Rektor IPB Angkat Bicara Soal Penyatuan Kemendikbud dan Kemenristek
BOGOR-KITA.com, DRAMAGA – Kemendikbud dan Kemenristek akan disatukan. Apa komentar Rektor IPB Prof Arif Satria?
“Kita menghormati keputusan yang sudah diambil. Namun demikian, soal struktur itu atau nomenklatur apapun yang diputuskan selalu memiliki positif dan negatif,” ujar Prof Arif Satria, yang juga Ketua Forum Rektor Indonesia 2020-2021 saat menjadi narasumber dialog tentang Masa Depan Pendidikan dan Ristek dalam Satu Kementerian di program PRIMETALK MetroTV, (15/4/2021).
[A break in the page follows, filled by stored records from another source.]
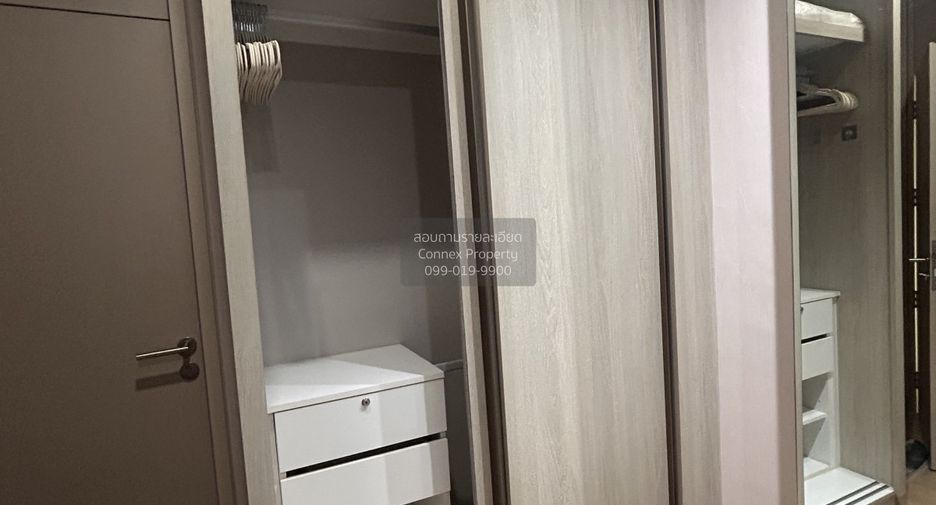 出租 1 卧室 公寓 在 Din Daeng, 曼谷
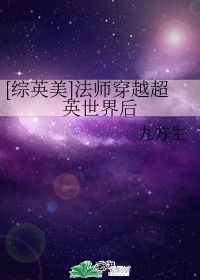 穿越法师类小说有哪些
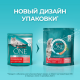 Корм сухой Purina One для стерилизованных кошек и кастрированных котов с высоким содержанием лосося, 750г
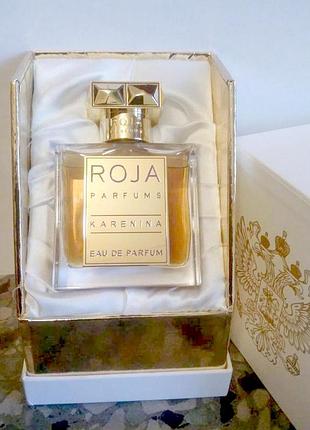 Roja dove parfums karenina💥оригинал 0,5 мл распив аромата затест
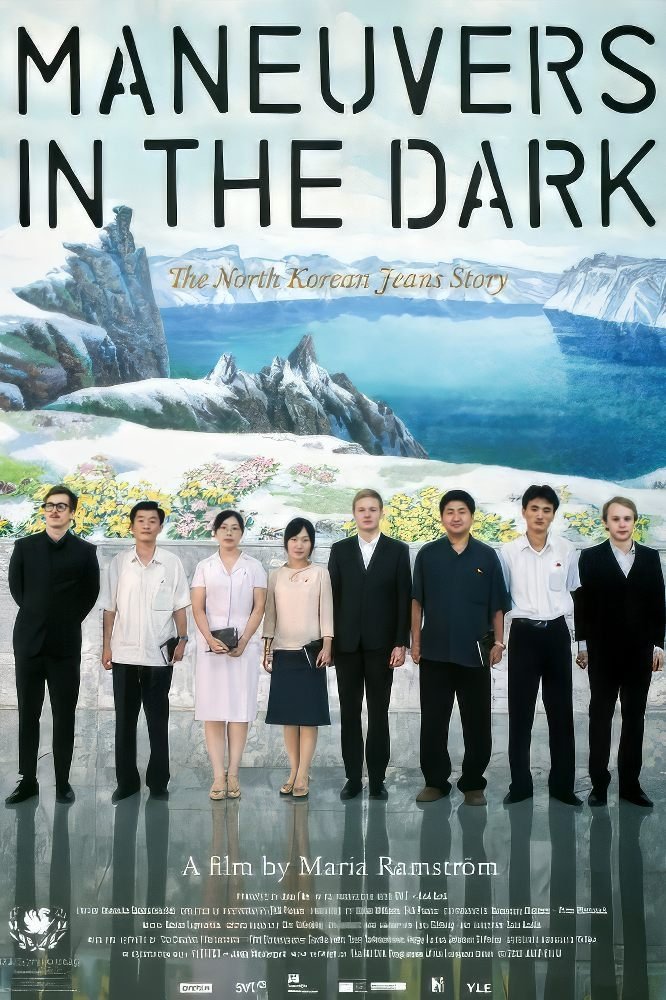 Maneuvers in the Dark photo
Prof Arif mengatakan, menghormati keputusan akan adanya peleburan dua kementerian yakni Kementerian Pendidikan dan Kebudayaan (Kemendikbud) dengan Kementerian Riset dan Teknologi (Kemenristek).
Prof Arif mengatakan, bahwa Kemendikbudristek memiliki sisi positif dan kelemahan juga. Kemenristek yang lama juga ada kelebihan dan kekurangan, jadi kalau yang sekarang itu digabung, bagi Perguruan Tinggi (PT) tentu lebih mudah karena kita hanya mempunyai satu ‘bapak’.
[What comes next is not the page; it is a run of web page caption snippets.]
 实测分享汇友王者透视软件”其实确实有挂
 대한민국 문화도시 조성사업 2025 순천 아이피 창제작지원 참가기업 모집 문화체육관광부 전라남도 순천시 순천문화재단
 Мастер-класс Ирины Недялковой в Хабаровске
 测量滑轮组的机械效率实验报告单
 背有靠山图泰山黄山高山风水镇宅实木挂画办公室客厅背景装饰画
“Sehingga mudah untuk koordinasi dan juga bagi pemerintah mudah dalam menentukan indikator kinerja dan lain sebagainya. Namun kelemahan sekarang adalah penyatuan riset dengan lembaga-lembaga PT dan riset dengan non PT butuh effort (usaha) lebih,” ujarnya.
Prof Arif menyampaikan jika Kemenristek sebelumnya dalam berkoordinasi riset lebih mudah. Sementara kelemahan Kemenristek model lama adalah memiliki dua ‘bapak’ sehingga butuh effort lebih dalam mengkomunikasikan kebijakan dan lain sebagainya.
Menurutnya Indonesia saat ini berada di peringkat 85 dari 131 negara di dunia pada Indeks Inovasi Global atau terendah kedua jika dibandingkan negara ASEAN. Ia menuturkan bahwa riset sangat berperan dalam prestasi Indonesia.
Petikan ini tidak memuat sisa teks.